WHAT THIS TASK INVOLVES
One exact copy of the listing is needed. It should contain no pictures.

SOURCE INFORMATION
+++++

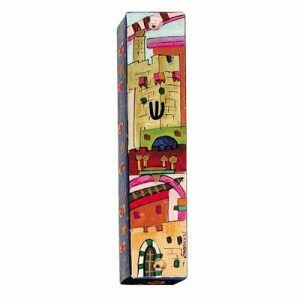 Emanuel Wood Mezuzah - Large Jerusalem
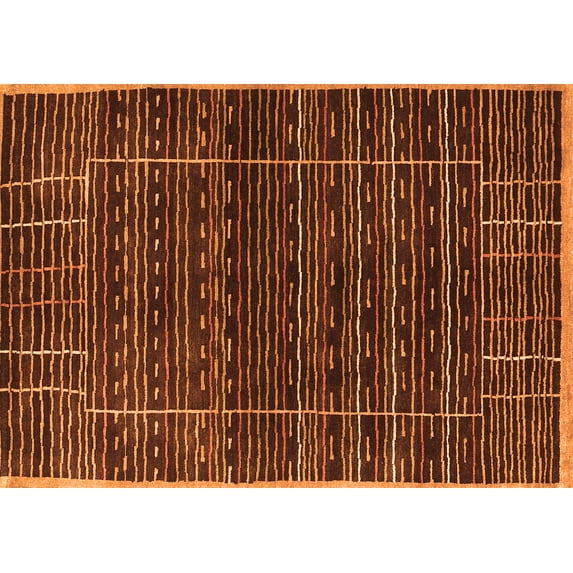 Ahgly Company Indoor Rectangle Abstract Orange Contemporary Area Rugs, 7' x 10'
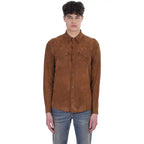 Tan Brown Suede Leather Shirt - Riders Republic UK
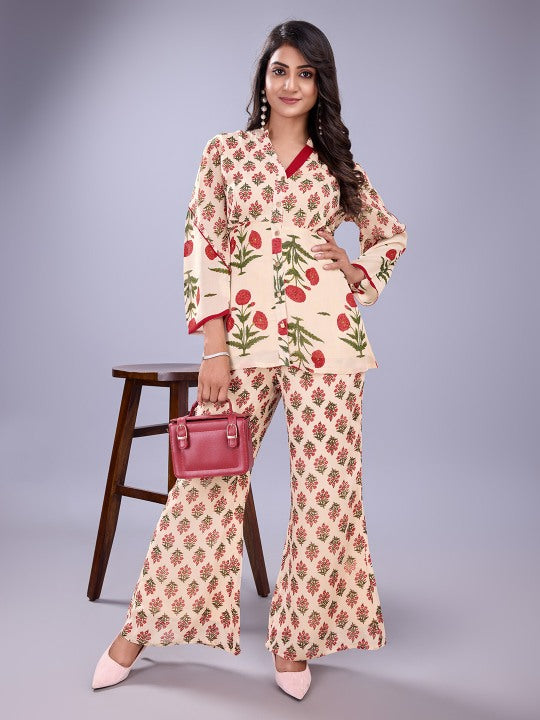 floral printed mandarin collar shirt with three fourth sleeves & flared pants  georgette set - Multi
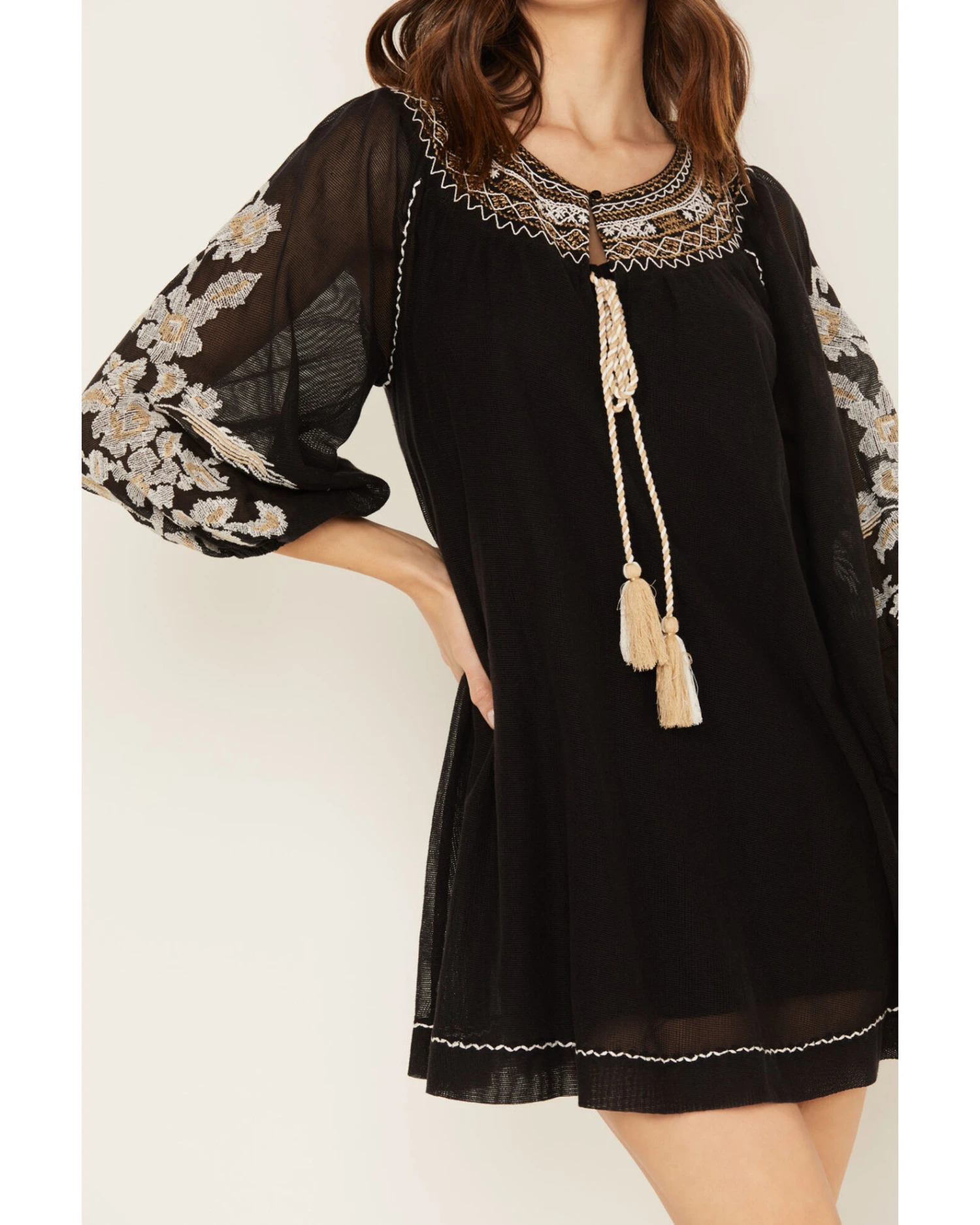 Shyanne Women's Gauze Embroidered Dress 3 Shyanne Women's Gauze Embroidered Dress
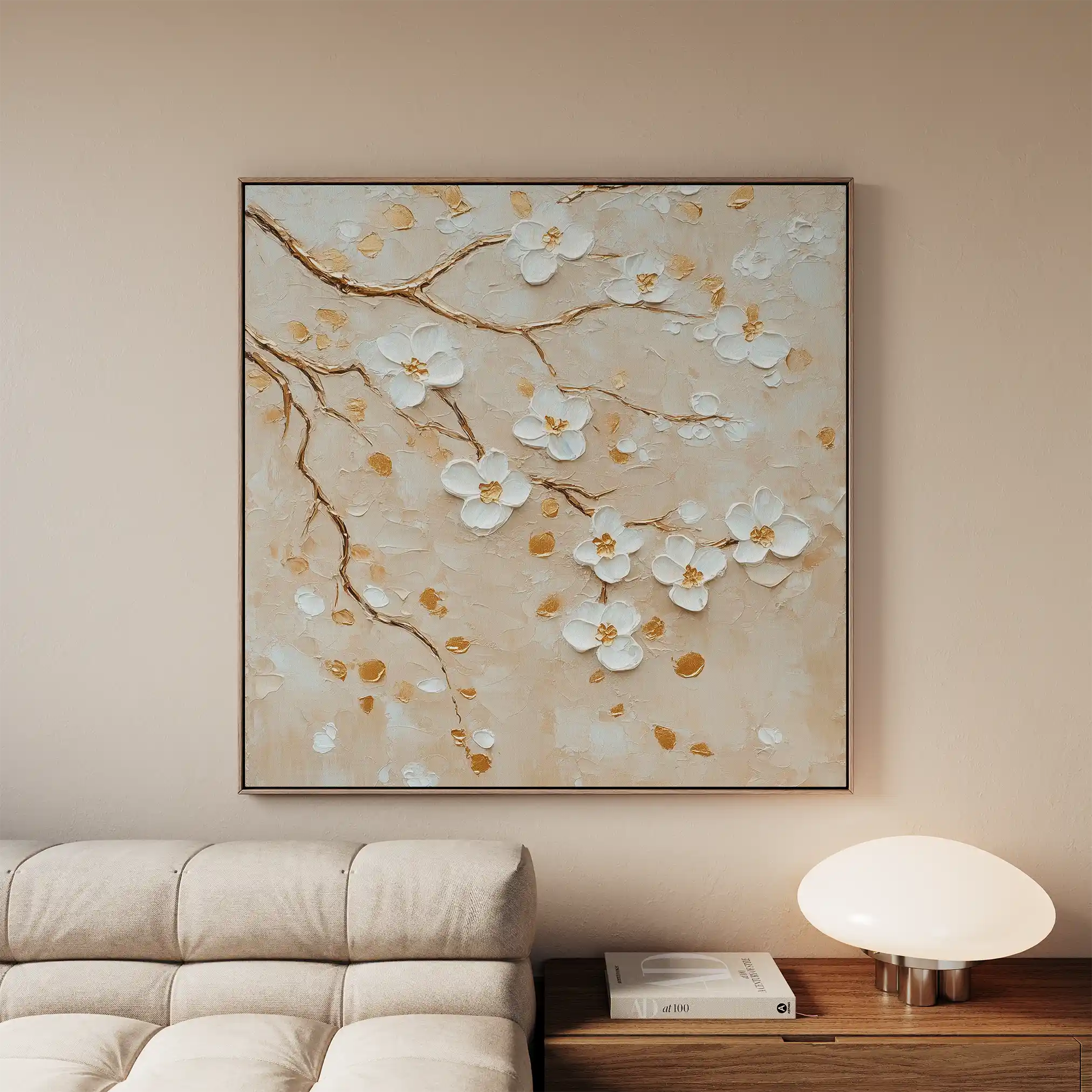 Floral 1253 Canvas Art 16" x 16" / 40 x 40 cm / Black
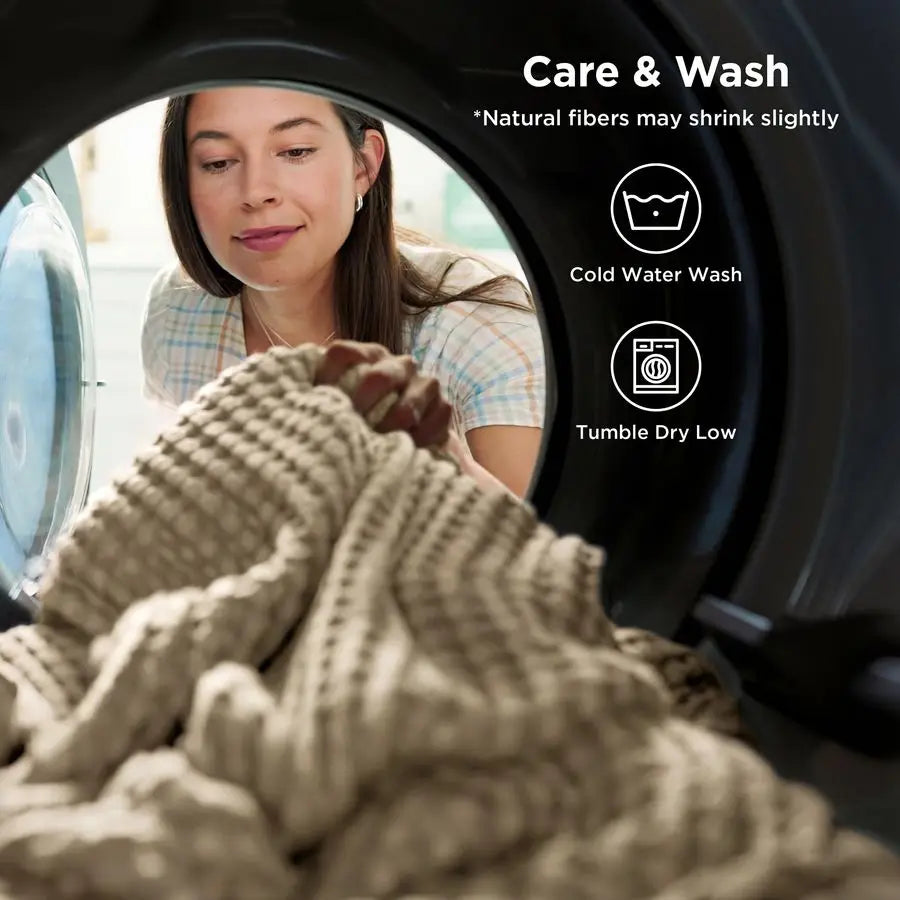 Cooling Cotton Waffle Blanket Lightweight Breathable Bamboo Rayon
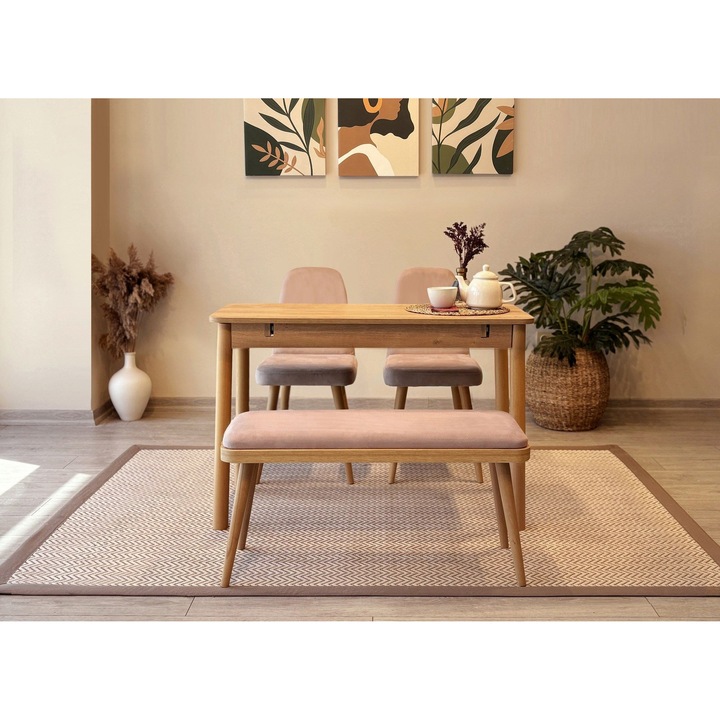 Set masa extensibila si scaune, Woody Fashion, 4 piese, maro, 110x75x50 cm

+++++

FINISHED EXERCISE
 Emanuel Wood Mezuzah - Large Jerusalem
 Ahgly Company Indoor Rectangle Abstract Orange Contemporary Area Rugs, 7' x 10'
 Tan Brown Suede Leather Shirt - Riders Republic UK
 floral printed mandarin collar shirt with three fourth sleeves & flared pants  georgette set - Multi
 Shyanne Women's Gauze Embroidered Dress 3 Shyanne Women's Gauze Embroidered Dress
 Floral 1253 Canvas Art 16" x 16" / 40 x 40 cm / Black
 Cooling Cotton Waffle Blanket Lightweight Breathable Bamboo Rayon
 Set masa extensibila si scaune, Woody Fashion, 4 piese, maro, 110x75x50 cm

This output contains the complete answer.